The Observability team is pushing to deprecate Graphite/StatsD in favor of Prometheus. [[ https://gerrit.wikimedia.org/r/c/operations/puppet/+/481110 | Prior attempts ]] to use the existing model with tools available have proven difficult and are regarded as unsustainable.
##### Requirements
//Possibly incomplete.//
The system overall (from func calls in MediaWiki PHP all the way to being received by Prometheus):
* Is overall sustainable with no variable or dynamic components between MW and Prometheus that need to be kept up to date with how or what metrics are used.
The MW side of things:
* Abstract away the the backend implementation details of StatsD and Prometheus.
* Support both StatsD and Prometheus (WMF will use Prometheus).
* Remain easy to configure (toggle on via one or two simple configuration variables).
* Remain buffered and emitted post-send.
* Introduce no new dependencies.
Developer-facing features to keep:
* Free-form metric names
* Metric type: Counter.
* Metric type: Timing.
* Metric type: Gauge (?)
Developer-facing features to be added:
* Metrics can be given key-value tags (separate from the canonical metric name).
* Metrics are documented in a common way and can be browsed/discovered.
-------
### Exploration
##### Open questions
* How will MediaWiki talk to Prometheus? Given Prometheus is poll-based there needs to be some intermediary service that MW pushes to and Prometheus pulls from (e.g. Statsd, Redis, etc.)
* How will key-value tags be translated into a flat metric name for the plain Statsd use case? Do we need to?

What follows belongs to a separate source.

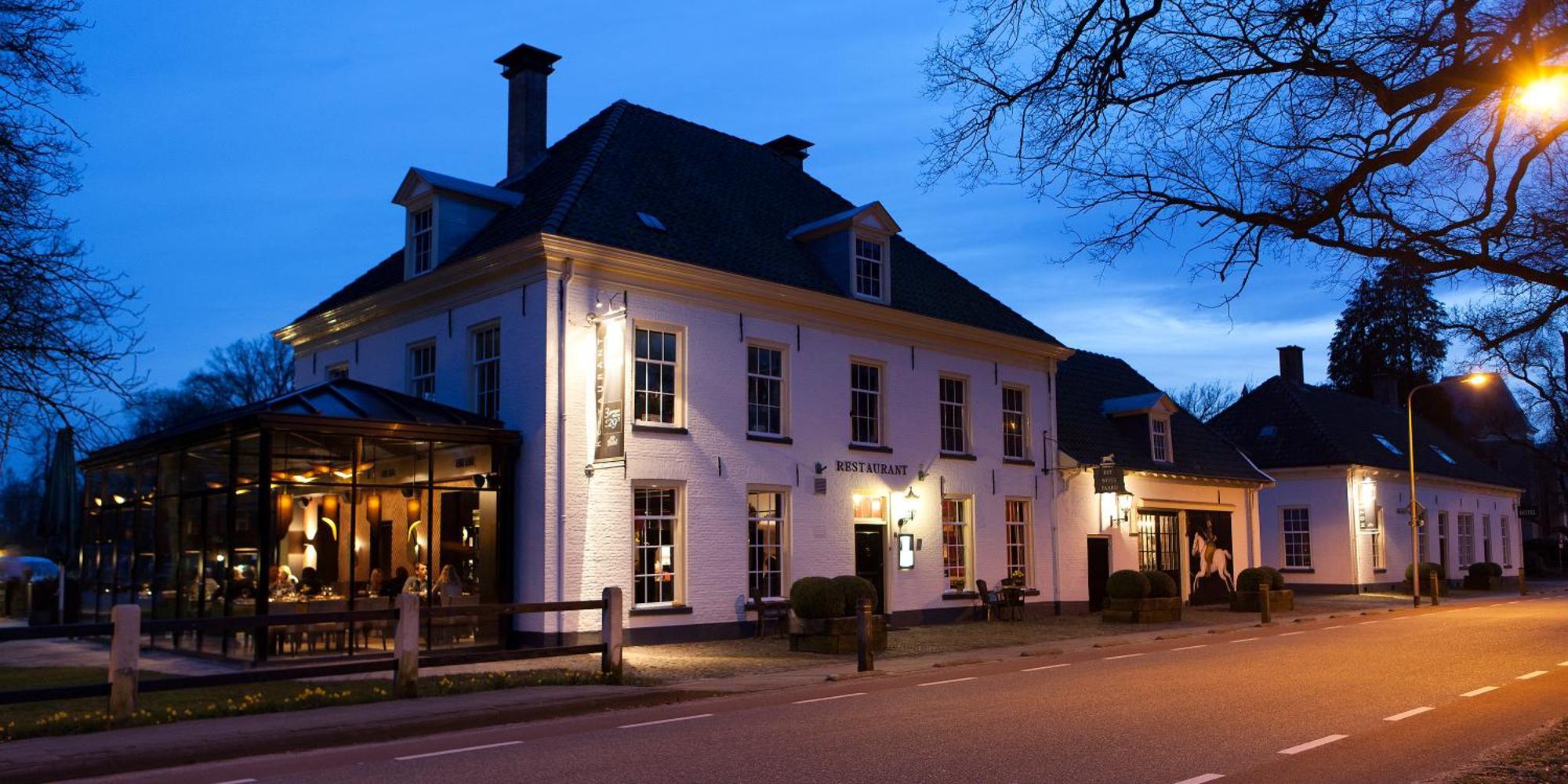 Hotel Restaurant Het Witte Paard Delden Εξωτερικό φωτογραφία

* How will we document the metrics? (e.g. Doxygen, Markdown, etc.)
##### Research
The initial proposal was to insert statsd-exporter between MW and StatsD and leverage matching rules generate appropriate Prometheus metrics. It was noted the mapping rules would be difficult to maintain and introduced a circular dependency on a sidecar service managed by Puppet.
After that, we considered what it would take to have MW (and extensions) maintain their own statsd-exporter configuration and coalesce them on deploy. This seemed a fragile, error-prone option and had the drawback of putting an unnecessary burden on developers for a single backend solution.

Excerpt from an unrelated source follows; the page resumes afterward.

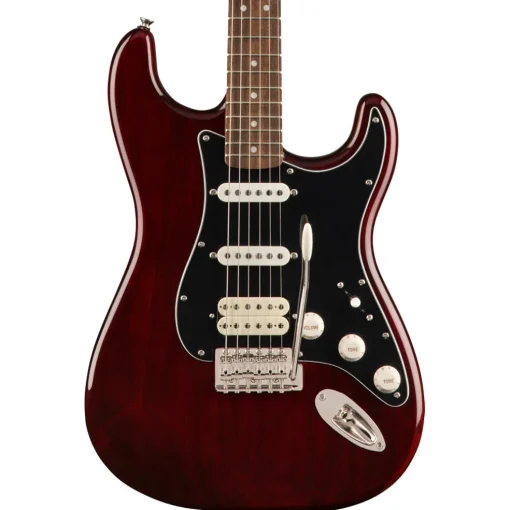 Squier Classic Vibe 70s HSS Stratocaster - Walnut - Laurel Fretboard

After that, we explored what adopting an existing Prometheus-specific library would entail. Current options have dependencies on Redis, disk, or make heavy usage of APC. None of these options seemed great from the reliability, resource utilization, or current state of library development.

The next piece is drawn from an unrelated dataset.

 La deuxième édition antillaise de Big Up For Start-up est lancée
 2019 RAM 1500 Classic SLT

After that, we went back to statsd-exporter and found support for DogStatsD, a StatsD extension that adds key:value tags to metrics and uses the same UDP transport mechanism. This option has no need for a cross-request persistent backend. This is what the current implementation demonstrates but does have a few drawbacks:
1. This solution requires a sidecar for translation to Prometheus.
1. In order for statsd-exporter to automatically generate meaningful Prometheus metrics, the StatsD metrics namespace has to be tightly controlled.
1. An extra deploy step of restarting the sidecar is strongly recommended.
NOTE: The demonstration implementation does not handle the requirement to document the metrics being generated. Discussion on how to address this point in a sustainable way is welcome and requested.